By the end you will have a small Python script that sends a public Google search URL to a SERP-capable API, receives parsed JSON, and reads each feature block into clean records. We use the query "data science" as the running example and pull these fields from the response:

  • Search results. The organic listings, each with a title, destination URL, displayed snippet, and position on the page.
  • Ads. The sponsored listings shown above or below the organic results when the query is commercial.
  • People Also Ask. The expandable related-question box, each entry with its question, a short answer, and a source link.
  • Related searches. The row of suggested follow-up queries Google shows at the bottom of the page.
  • Local pack. The map-backed block of nearby places, when the query has local intent.
  • Result count. The reported total number of results, which drives pagination.

The anatomy of a Google search results page

To scrape a SERP well you first need a mental model of how it is assembled. Google does not return one uniform list; it composes the page from several distinct blocks, and which blocks appear depends on the query's intent. The same parser has to recognize each one. Here are the parts that matter.

  • Organic results. The core list of ranked web pages. Each carries a title, the destination URL, a snippet, and sometimes a date or sitelinks. This is the block most SEO work cares about, because position here is what "ranking" means.
  • Ads. Paid listings marked "Sponsored," shown at the top and bottom of the page for commercial queries. They look similar to organic results but are bought, so competitive-intelligence work treats them as a separate stream.
  • People Also Ask (PAA). An expandable list of related questions. Each one opens to reveal a short answer drawn from a source page, plus a link to that source. PAA is a useful map of the questions searchers attach to a topic.
  • Knowledge panel. The information box on the right (people, companies, places, things) built from Google's Knowledge Graph. It surfaces key facts, images, and related entities without the user clicking through.
  • Local pack. A map plus a short list of nearby businesses, shown when the query has local intent ("coffee shops near me"). It carries names, ratings, and addresses, and differs from full Google Maps results.
  • Related searches. A row of suggested queries at the foot of the page, useful for keyword expansion.
  • Pagination. The controls that move you deeper into the results, driven by a start offset in the URL rather than a page number.

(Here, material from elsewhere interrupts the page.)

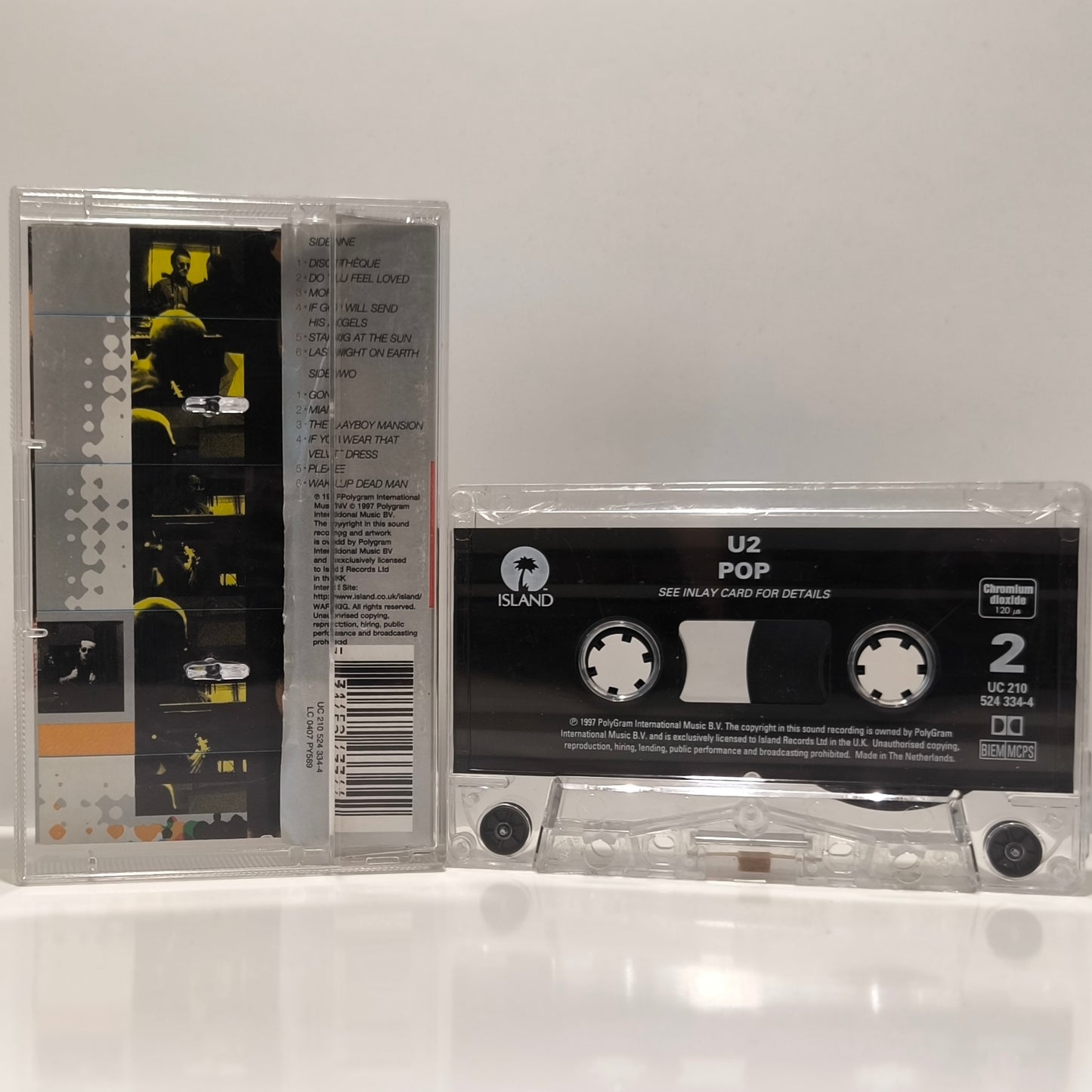 U2 - Pop
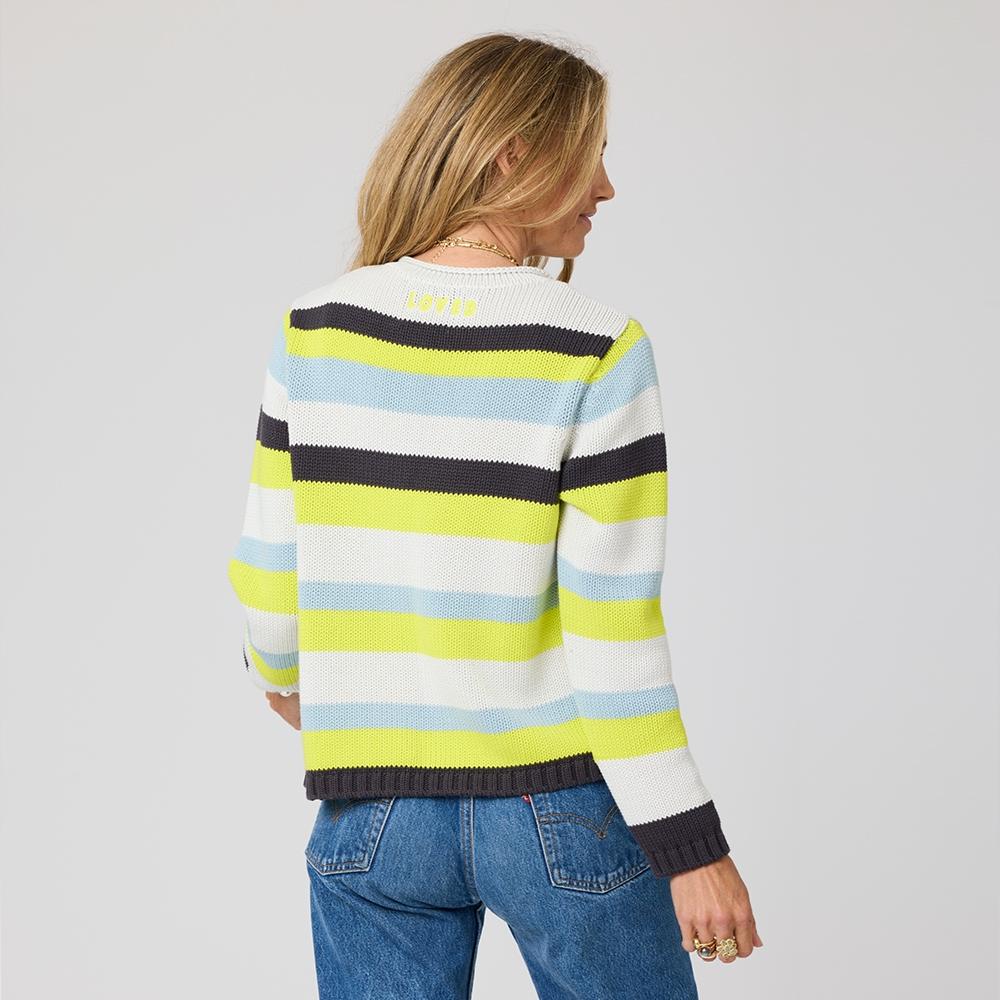 Stripe Beau-Lero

The practical takeaway is that "scraping Google" is really scraping a handful of independent blocks that happen to share a page. A good extractor returns each one as its own list so you can use them separately downstream. If you want a deeper tour of the question box specifically, see how to scrape Google's People Also Ask.

Why a plain request fails on Google

If you fire a bare HTTP request at https://www.google.com/search?q=... from a script, you almost never get the page you see in your own browser. Google is one of the most aggressively defended targets on the web, for two reasons that compound each other.

First, the page is dynamic. Much of a modern SERP, especially the feature blocks, is assembled with JavaScript after the initial HTML lands. A raw requests.get sees a skeleton, not the rendered result, so the data you want is simply not in the bytes you receive. Second, Google watches hard for automation. A request that lacks real browser headers, comes from a datacenter IP, or arrives faster than a human could type gets a consent interstitial, a CAPTCHA, or an outright block. Sustained scraping from a single address gets that address rate-limited quickly.

So a working Google scraper needs two things in one request: an IP the platform reads as an ordinary visitor, and, where the page leans on scripts, a browser that renders it. You can assemble that yourself with a headless browser plus a pool of rotating residential proxies, but keeping that fleet healthy is most of the work and most of the cost. The alternative is a managed SERP-capable API that folds rendering, IP rotation, and CAPTCHA handling into a single call and hands you finished data. We cover the trade-off between the two next.

Methods to scrape Google: managed API vs DIY

There are two honest ways to do this at any real scale, and it is worth being clear-eyed about both.

The DIY stack. You run a headless browser (Playwright or Selenium) to render the page, route it through a pool of rotating residential proxies so no single IP burns out, add header and fingerprint management so the traffic looks human, and build retry and CAPTCHA-solving logic for the requests that still get challenged. This works, and for a one-off academic project it can be the right call. The catch is maintenance: proxies expire, fingerprints get stale, Google ships layout changes, and your CAPTCHA solver needs feeding. The scraper is the easy part; keeping it unblocked is the job. Our guides on scraping without getting blocked and bypassing CAPTCHAs go deep on this stack.

The managed API. You send a URL to an endpoint that already owns the residential IP pool, the rendering layer, and the CAPTCHA handling, and it returns either the finished HTML or, better, the SERP parsed into JSON. You skip the infrastructure entirely and pay per successful request. The trade-off is that you depend on a provider and its parser. For most production rank-tracking and research work this is the pragmatic choice, because the time you would spend babysitting a proxy fleet is worth more than the per-request fee. The example below uses the Crawlbase Crawling API, which has a built-in Google SERP parser.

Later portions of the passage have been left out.